It just occurred to me that the 'lt syntax for lifetimes does (I think)
provide an unambiguous way keep the pointed-to type right next to the &
sigil:
'lt&T
Here, the usual & sigil becomes 'lt&, which taken together is a prefix on
the type T.
In this notation, there is still a clear distinction between Niko's examples
below, which become
'b&T
&'b&T
I'm not sure whether I like it better or worse than the prevailing
alternative
&'b&T (with the opposite meaning!)
&&'b T
I believe it does address James Boyden's goals (below) 2a and 2b, although
not 2c, and this issue is orthogonal to 2d. Since I resonate with 2a and 2b
myself, I lean toward thinking I like this alternative approach a little
better.
Dean
James Boyden had written:
>
> For the above reasons, is there any way that the lifetime syntax
> could be moved *after* the type? The current proposal of `&'lt Foo`
> does address the ambiguity described in point 2b, but not 2a or 2c.
> (The `/` sigil itself actually doesn't faze me that much.)
Niko Matsakis had written:
> We considered this, but it's very hard to mix prefix and postfix notation like
> this without ambiguity. Consider:
> &&T/b
> Is this:
> &'b &T
> or
> &&'b T
>
> I suppose we could just resolve it arbitrarily, like if-else-if chains.

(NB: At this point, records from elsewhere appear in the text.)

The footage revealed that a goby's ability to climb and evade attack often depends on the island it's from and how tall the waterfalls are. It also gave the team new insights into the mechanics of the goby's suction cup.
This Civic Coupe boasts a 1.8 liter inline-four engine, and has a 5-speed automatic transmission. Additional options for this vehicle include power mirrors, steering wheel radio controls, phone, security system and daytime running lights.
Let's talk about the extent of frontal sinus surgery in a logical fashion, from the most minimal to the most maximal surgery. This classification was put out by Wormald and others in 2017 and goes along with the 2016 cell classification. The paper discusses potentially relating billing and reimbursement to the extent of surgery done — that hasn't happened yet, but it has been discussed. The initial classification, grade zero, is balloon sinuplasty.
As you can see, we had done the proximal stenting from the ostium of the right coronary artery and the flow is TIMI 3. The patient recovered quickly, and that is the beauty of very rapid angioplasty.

More completely (for reference), James Boyden had written:
> For what it's worth, here's my 2 cents:
>
> 1. Borrowed pointer lifetimes are a very interesting concept. I think
> they definitely enrich Rust. However...
>
> 2. The current syntax of `&lifetime/type` completely threw me when
> I first saw it in the wild (before reading up on the topic in the
> tutorials). I'm concerned that this could be something that might
> push Rust slightly too far towards "obscure academic theory language"

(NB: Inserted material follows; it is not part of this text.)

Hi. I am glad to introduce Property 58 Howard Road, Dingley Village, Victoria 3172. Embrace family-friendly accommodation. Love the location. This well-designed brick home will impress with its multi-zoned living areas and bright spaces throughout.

> for many C++ programmers. Specifically:
>
> 2a. I'm used to seeing the pointed-to type right next to the pointer.
> I can mentally reverse C++'s `int &p` to `p: &int` without problems,
> but having extra line-noise in there seems to stretch my on-the-fly
> language-parsing capability beyond its limits -- particularly so when
> the identifiers both before and after the `/` look like types, and
> there's no whitespace breaks to guide my mental tokeniser.
>
> 2b. I found the `p: &r/float` syntax especially confusing in that
> sometimes, without any prior or intervening warning, the next token
> after the borrow-pointer sigil `&` was a lifetime instead of a type
> (but of course, not all the time). When you're mentally parsing it,
> you don't get any explanation of what you're reading until *after*
> you've read those tokens.
>
> 2c. I care more about the pointed-to type than the lifetime (at least
> on my first scan through the function parameters), so I'd strongly
> prefer to have the pointed-to type closer to the front, and closer to
> the parameter name and pointer sigil (i.e., before the lifetime name).

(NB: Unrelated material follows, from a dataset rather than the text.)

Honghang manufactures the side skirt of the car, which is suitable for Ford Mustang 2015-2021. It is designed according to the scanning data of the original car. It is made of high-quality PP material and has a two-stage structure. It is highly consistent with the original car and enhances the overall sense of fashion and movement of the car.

> This has the additional benefit that now all the parameter type info
> is together, followed by the lifetime info.
>
> 2d. `&` means "pointers" or (occasionally) bitwise-AND. Please don't
> use it for any other plumbing! (I'm thinking of "Lifetime parameter
> designated with &" in the previous notation.)
>
>
> For the above reasons, is there any way that the lifetime syntax
> could be moved *after* the type? The current proposal of `&'lt Foo`
> does address the ambiguity described in point 2b, but not 2a or 2c.
> (The `/` sigil itself actually doesn't faze me that much.)